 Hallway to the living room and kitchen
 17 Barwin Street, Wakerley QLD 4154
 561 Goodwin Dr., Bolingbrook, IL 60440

▶ _Work to complete_:
Please output the material above exactly as it reads.

▶ _Response box_:
 Hallway to the living room and kitchen
 17 Barwin Street, Wakerley QLD 4154
 561 Goodwin Dr., Bolingbrook, IL 60440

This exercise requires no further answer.